Internal links are important. Unless you’re just starting out in SEO, this should be known as a fundamental part of optimisations done to ANY website. Whether a little local business site, a niche content site or a larger scale, dynamic/programmatic site like portals, directories or marketplaces, it’s important for all types of websites.
It’s one of the main elements I’ll look at with clients, and they’re often overlooked at scale. It’s surprising how easy it is to get some quick wins by just adding a link widget though.
For programmatic sites, you should have 3 types of links built into your template so that they’re ‘automated’;
✅ 𝐏𝐚𝐫𝐞𝐧𝐭 𝐥𝐢𝐧𝐤𝐢𝐧𝐠
The ‘up-the-hierarchy’ links, and are easily accomplished via breadcrumbs.
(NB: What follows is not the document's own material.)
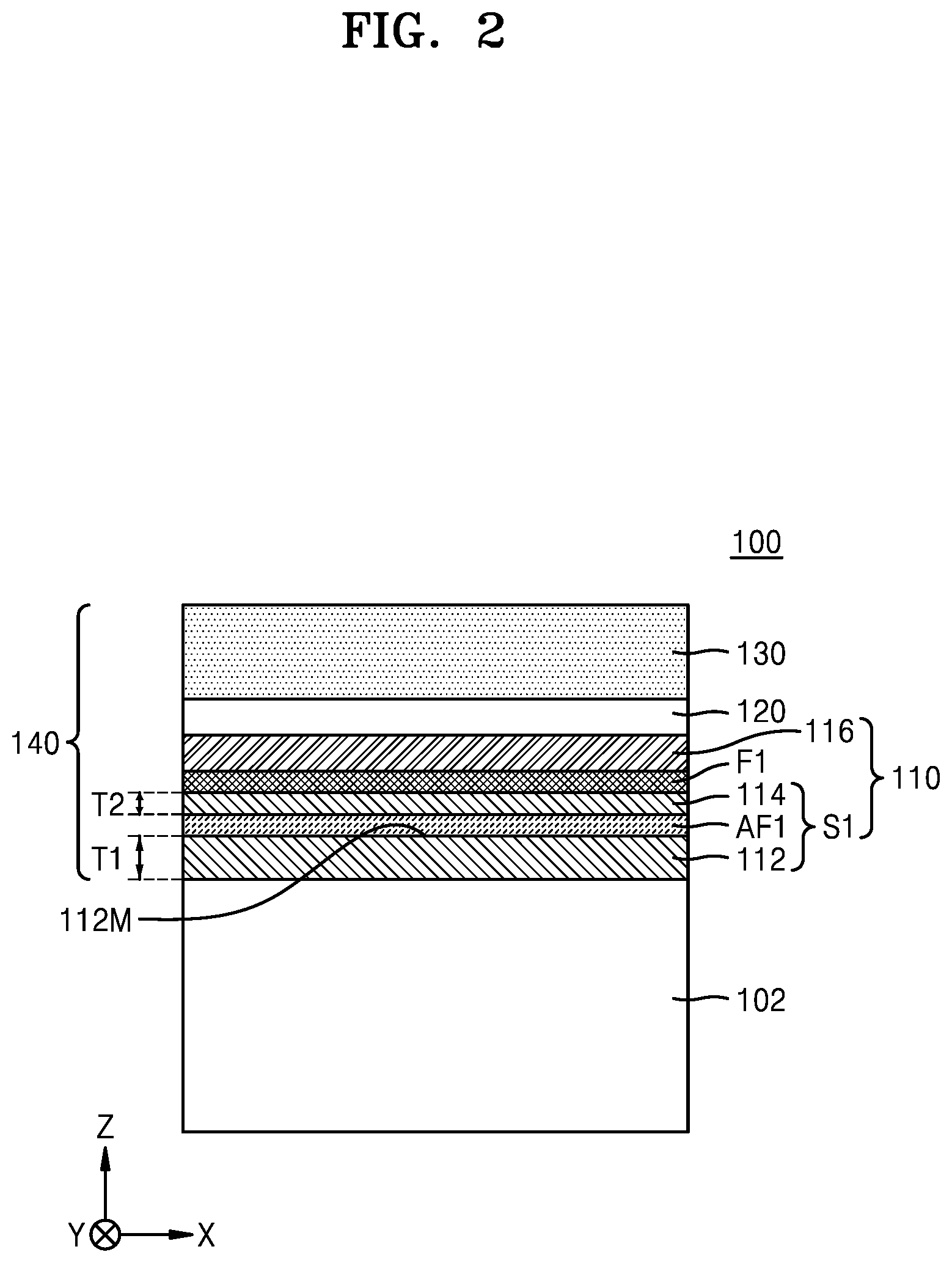 Patent US12310254 Figure 2 – Magnetic device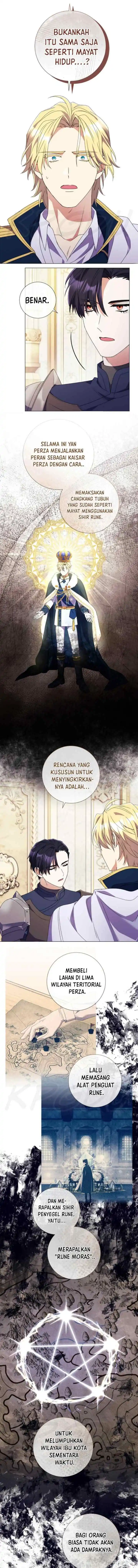 I'm Not Even Married, What Divorce, Your Majesty? chapter 73 halaman 11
In addition to a well laid out site structure, these breadcrumbs help set the hierarchy to your site via helping to ‘parent’ content, which helps ensure your main content gets the value from its ‘child’ pages.
So a location page could link up to its parent category.
✅ 𝐂𝐡𝐢𝐥𝐝 𝐥𝐢𝐧𝐤𝐢𝐧𝐠
Essential to passing authority down the site structure, these links are also extremely important to help Google crawl through key pages. These should link to pages that sit below the current page.
I recommend these are accomplished with footer/sidebar style link widgets, with filters applied to them to ensure only important / priority pages are included. This helps maximise the usage of your crawl budget, essentially just avoiding wasting Google’s time.
A parent category could link through down to its key location pages. In some cases, it could link to a region-type page, with the region-type page linking through to individual locations.
✅ 𝐂𝐫𝐨𝐬𝐬-𝐥𝐢𝐧𝐤𝐢𝐧𝐠
Also be known as related page linking, these links link across to similar pages. These links help connect similar pages together that may sit within a separate part of the site.
The links could be to pages within the same category but nearby locations, or the same location but in a different related category.
If you’re missing one, or all, of the above links then you should look at kicking them off asap. These can be extremely easy to integrate, and may actually show measurable impacts alone due to their importance.
Just keep in mind though, there are always risks with something like this done at scale. Automated widgets like these could expose URLs with issues that may not have been crawled before, or high quantities of low-value pages (ie 0 results search pages). Just make sure you’re adding some rules/intelligence/filters to the widgets, along with significant crawl-testing, and you’ll be good to go.